The blank look in Scott's big brown eyes said everything. Stiles let out a loud sigh, because it was that or kill something, and Peter Hale had been enough falling off the wagon for one decade. "It's porn, myths, and a freaking spotter's guide. Not exactly going to give you the nitty-gritty of what's going on every time you want to wolfy up to Allison's heart."

And then, damn it, Scott's expression went distant and fuzzy and Stiles knew it wasn't Allison's heart he was thinking about.

Scott was just lucky Stiles liked him. He'd eviscerated people for less annoying things than vomiting their hormones all over.

Sometimes being a teenager just wasn't fucking worth it.


The backpack hit the floor as Derek slammed Stiles up against a wall.

"Oh holy God—" Stiles babbled, bringing up his forearms to protect his face. The front door was hanging open for anyone to see and call the cops, and Stiles did not want to have to lie to his dad any more. They'd already had a lifetime of that, and he was already pushing it with the werewolf stuff as it was. "Dude, I just got home, can you at least let me shut the door before attacking me?"

Using his foot, Derek reached out and nudged the door closed. He didn't let go of Stiles for a second. His claws were out, teeth bared and fists clenched in what had been a perfectly good vintage band shirt, but was now a mess of holes.
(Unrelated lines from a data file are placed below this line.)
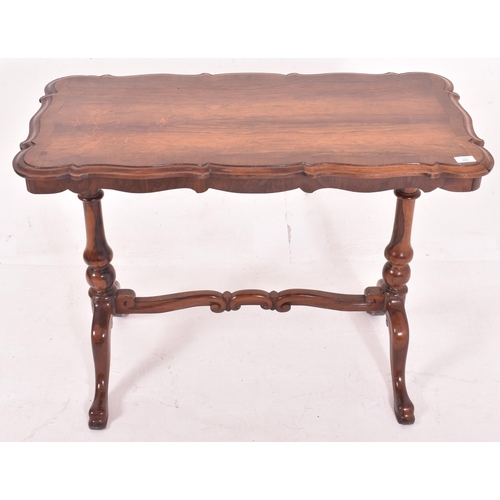 555 - A Victorian 19th century flame mahogany writing desk table. The table having a shaped top with chamf... 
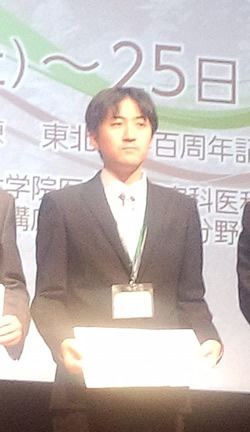 学会で表彰状を持つ男性がスーツ姿で立っている様子。背景にはイベントのタイトルが表示されている。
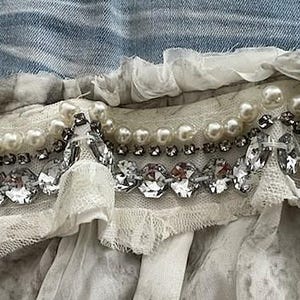 May include: Close-up of a decorative textile with layers of white fabric, pearls, and sparkling rhinestones. The design includes a denim blue fabric at the top, with a layered, ruffled effect. The embellishments are arranged in horizontal rows.
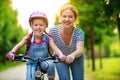 Happy family mother teaches child daughter to ride a bike in the Park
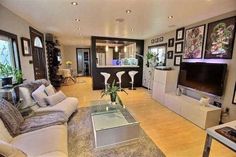 a living room filled with furniture and a flat screen tv on top of a wooden floor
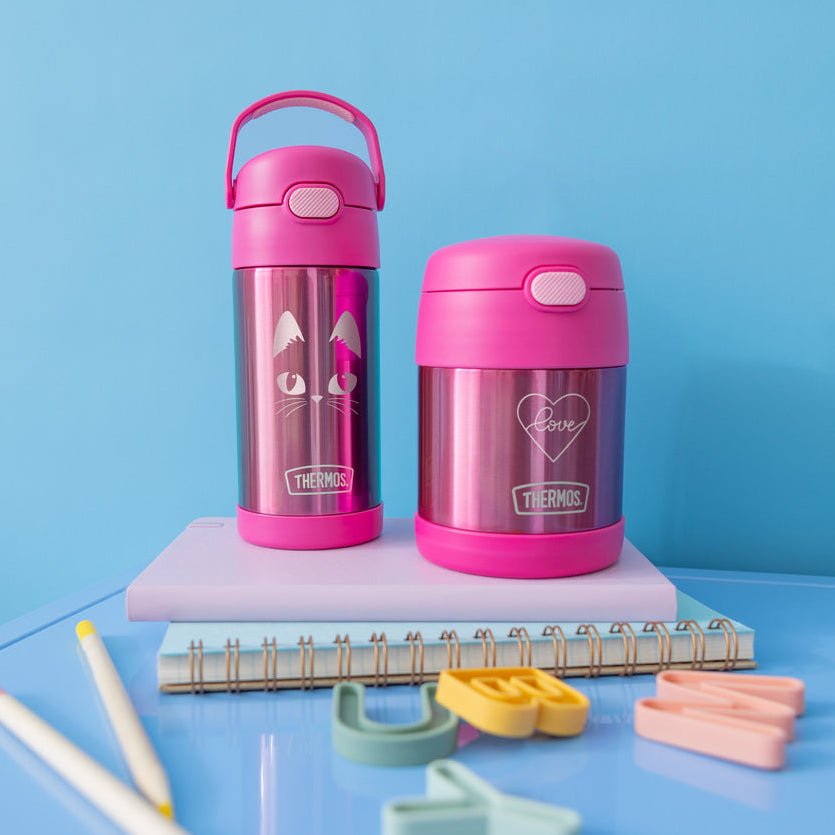 A pink Thermos water bottle and food jar on a blue surface with stationery items.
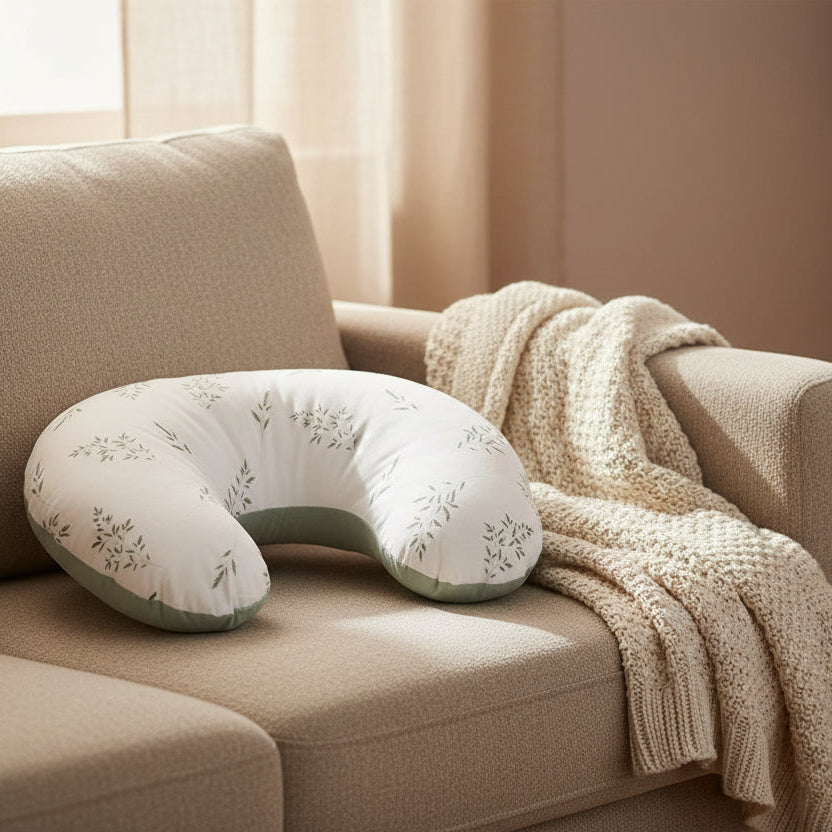 U-shaped pillow on a beige couch with a blanket and a glass of water in the background.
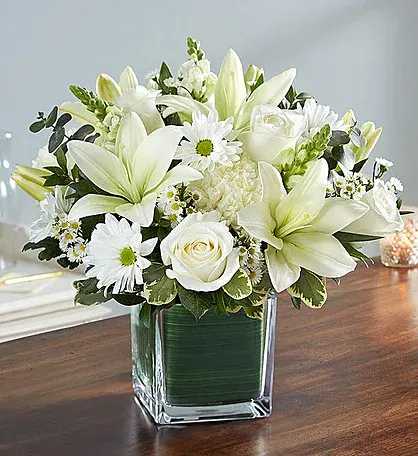 cube arranement - Arrangement of white roses, Asiatic lilies, football mums, snapdragon, daisy poms and monte casino; accented with fresh greenery Artistically designed by our florists in a classic clear glass cube lined with a Ti leaf ribbon; vase measures 5"H x 5"D Large arrangement measures approximately 11"H x 11"L Medium arrangement measures approximately 10"H x 10"L Small arrangement does not include roses and measures approximately 9"H x 9"L Perfect gift for delivery to the homes of family members or friends Our florists hand-design each arrangement, so colors, varieties, and container may vary due to local availability Lilies may arrive in bud form and will open to full beauty over the next 2-3 days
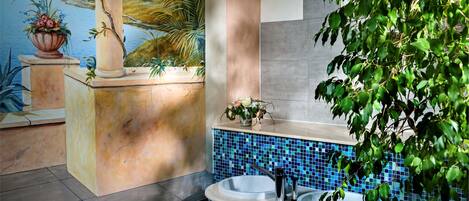 Un baño con una bañera de mosaico, una planta en maceta y un mural en la pared.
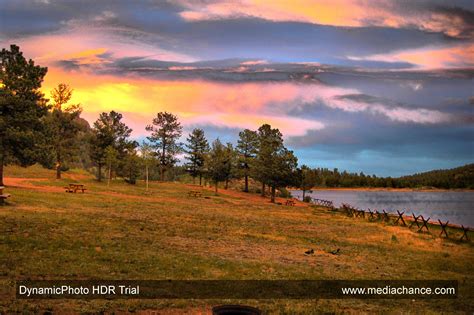 a beautiful sunset over a lake with benches on the grass and trees in ...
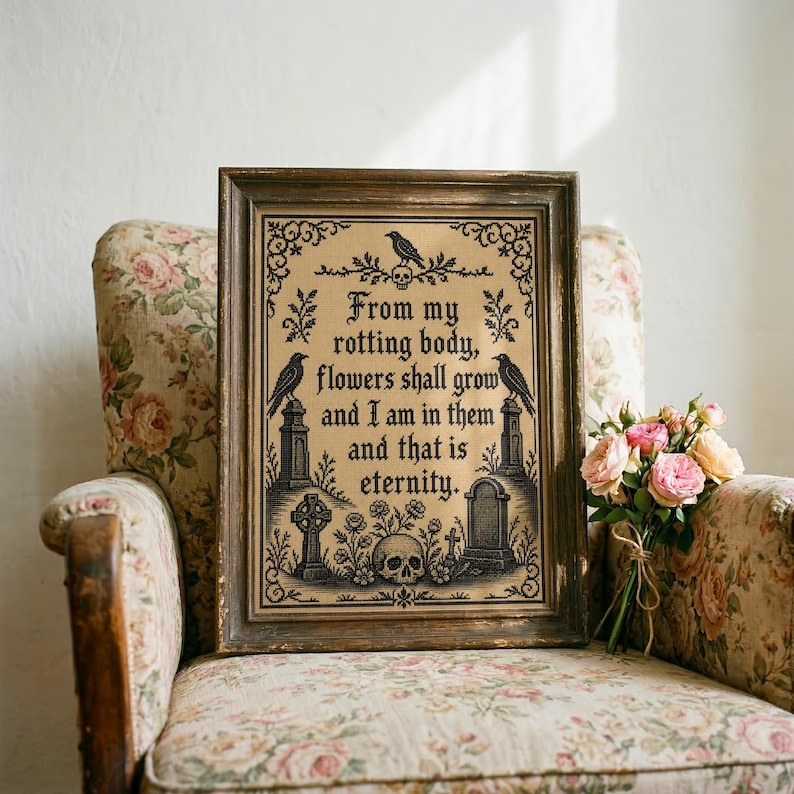 Puede incluir: Un bordado en punto de cruz enmarcado con hilo negro sobre tela beige. El texto dice, From my rotting body, flowers shall grow and I am in them and that is eternity. Incluye motivos de cuervos, l&aacute;pidas y una calavera decorativa.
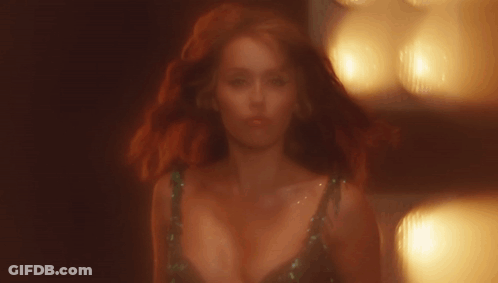 Woman With Red Hair And Plunging Neckline GIF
Stiles lost more shirts that way.

Derek's eyes had turned red, not like a crossroads demon, but like an alpha werewolf about to chew someone up and shit them out. Even though Stiles knew he'd be fine and the worst thing Derek could do would make the body a pain in the ass to clean up, he still whimpered.

"What the hell—" Stiles clenched his eyes closed. "What do you want?"

"I want to know what you've done to me," Derek snarled, leaning in close. In spite of everything, all the terror and the knowledge and the whole possessed by a demon thing, the body's dick twitched. Because if there was one thing to be said about seventeen year-old boys, it was that there was no situation too weird to develop a hard-on.

"I'm half your size and a quarter your muscle mass," Stiles said, lowering his arms to give Derek his best are you shitting me expression. "What could I do to you? Get stuck in your teeth and cause a cavity? "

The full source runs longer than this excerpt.